Muchos habitantes de países occidentales se extrañan de que el país que tantos creen ejemplar, Estados Unidos, mantenga la pena de muerte tan vigente como en esos lugares del mundo árabe donde persiste la bíblica ley del Talión. La explicación es difícil. Incluso hubo una larga temporada, hasta 1976, en que la pena de muerte estaba abolida o en desuso. Pero cada Estado tiene el derecho de organizar su sistema punitivo de acuerdo a las percepciones de sus ciudadanos a través de sus representantes legislativos. Y en 1976, como consecuencia de la violencia del narcotráfico, la impotencia social se tradujo en la petición ciudadana „preferentemente en Estados como Texas o Arizona, es decir el sur y el suroeste más rural del país„ de un endurecimiento de las penas, incluída la pena capital para los transgresores violentos de las leyes.

El tráfico de drogas y el derecho a portar armas crea un cóctel social explosivo, una de cuyas consecuencias es el incremento de las muertes violentas. En la cultura americana, sobre todo en la sureña, la finalidad de las penas es el castigo y el aislamiento de los delincuentes, mantenerlos fuera de la calle. El miedo a la calle es sintomático en un país donde muchas peleas terminan a tiros y donde disparar contra un ladrón no está mal visto. La pena de muerte es el último escalón de esa violencia social. Es un mundo donde no ha penetrado suficientemente la tesis europea de que las penas tienen dos finalidades, el castigo y la reforma del delincuente.

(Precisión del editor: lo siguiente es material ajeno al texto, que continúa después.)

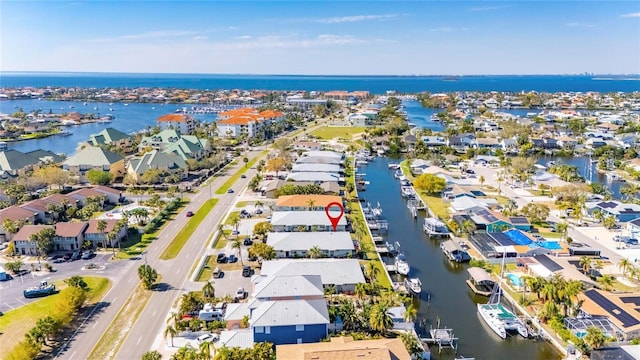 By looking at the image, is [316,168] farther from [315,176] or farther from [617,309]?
[617,309]

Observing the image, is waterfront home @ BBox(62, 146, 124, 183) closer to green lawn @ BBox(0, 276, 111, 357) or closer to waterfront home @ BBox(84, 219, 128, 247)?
waterfront home @ BBox(84, 219, 128, 247)

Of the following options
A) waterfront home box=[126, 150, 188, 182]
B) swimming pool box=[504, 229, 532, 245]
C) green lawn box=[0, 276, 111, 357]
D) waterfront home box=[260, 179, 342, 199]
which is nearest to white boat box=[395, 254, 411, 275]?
swimming pool box=[504, 229, 532, 245]

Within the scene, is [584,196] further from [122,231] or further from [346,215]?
[122,231]

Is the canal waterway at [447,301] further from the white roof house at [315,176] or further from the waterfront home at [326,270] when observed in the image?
the white roof house at [315,176]

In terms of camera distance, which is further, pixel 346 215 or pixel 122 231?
pixel 346 215

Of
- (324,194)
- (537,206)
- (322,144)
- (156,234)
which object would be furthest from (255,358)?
(322,144)

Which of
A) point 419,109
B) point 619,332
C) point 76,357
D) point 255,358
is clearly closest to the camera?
point 255,358

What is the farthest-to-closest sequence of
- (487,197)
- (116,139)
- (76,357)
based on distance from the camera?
1. (116,139)
2. (487,197)
3. (76,357) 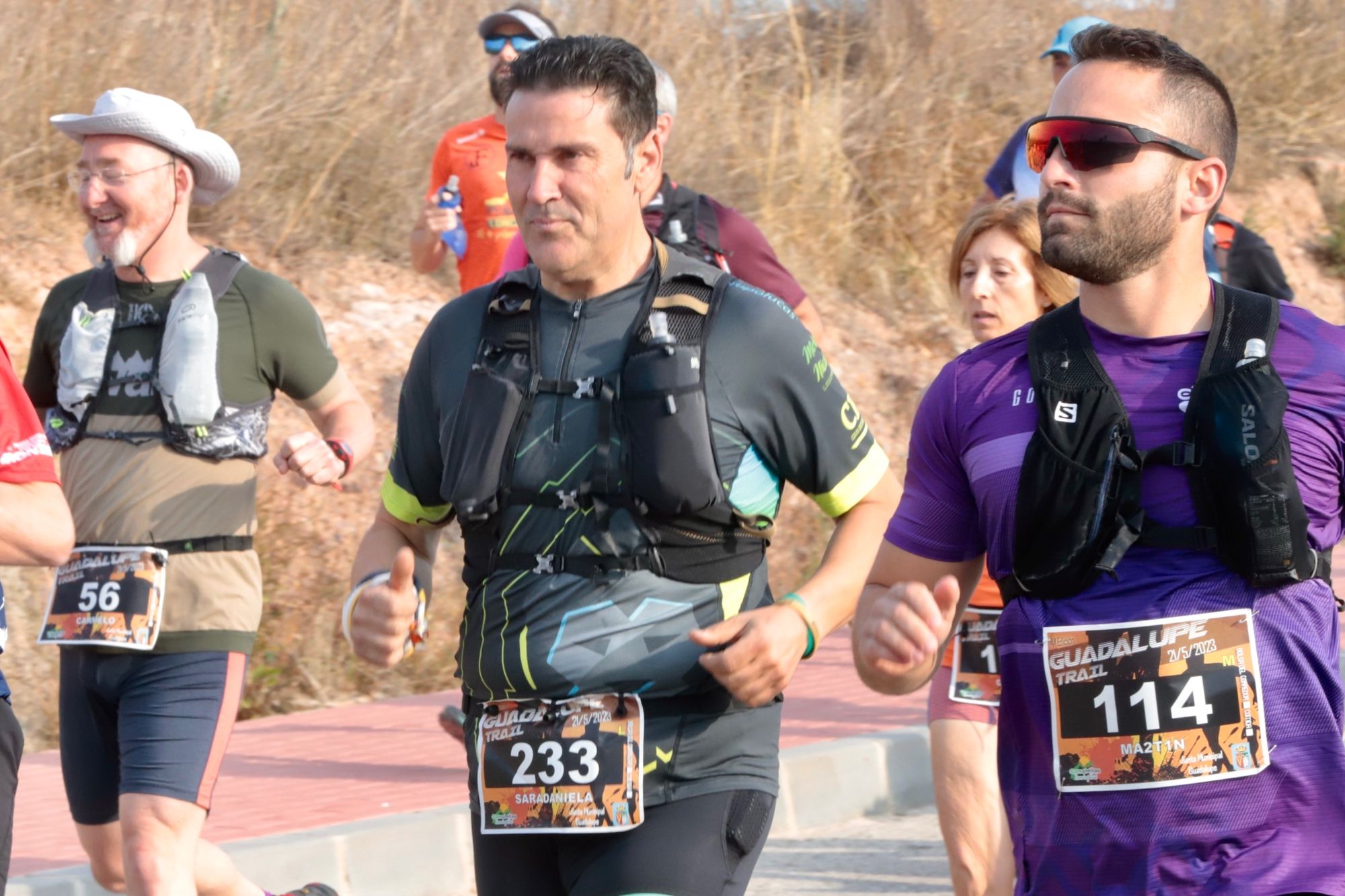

Sin embargo, muchos norteamericanos, en la Costa Este y en las ciudades se oponen a la pena de muerte. A las razones universales para derogar la pena de muerte se añaden otras muy americanas. Prácticamente todos los que están hoy en la antesala de la pena capital son pobres, deficientes mentales o pertenecen a minorías raciales. En EE UU se mata preferentemente a los que la población mayoritaria ve como distintos, como gente con la que te cuesta trabajo identificarte, incluso se puede matar a los menores de dieciocho años.

Aunque los movimientos por la abolición crecen, los políticos saben que en el centrismo hay bastantes votos no abolicionistas. El propio Bill Clinton fue defensor de la pena capital cuando era gobernador de Arkansas y sigue siendo favorable a ella. Durante la discusión de la condena de Clara Tucker circulaba un chiste respecto a la posición del gobernador de Texas, Bush hijo, uno de cuyos asesores le aconsejó negarse a conceder la suspensión de la pena, como finalmente hizo: «Si te niegas a la suspensión te garantizo la nominación del Partido Republicano y si tú mismo ejecutas la pena te garantizo hasta la Casa Blanca».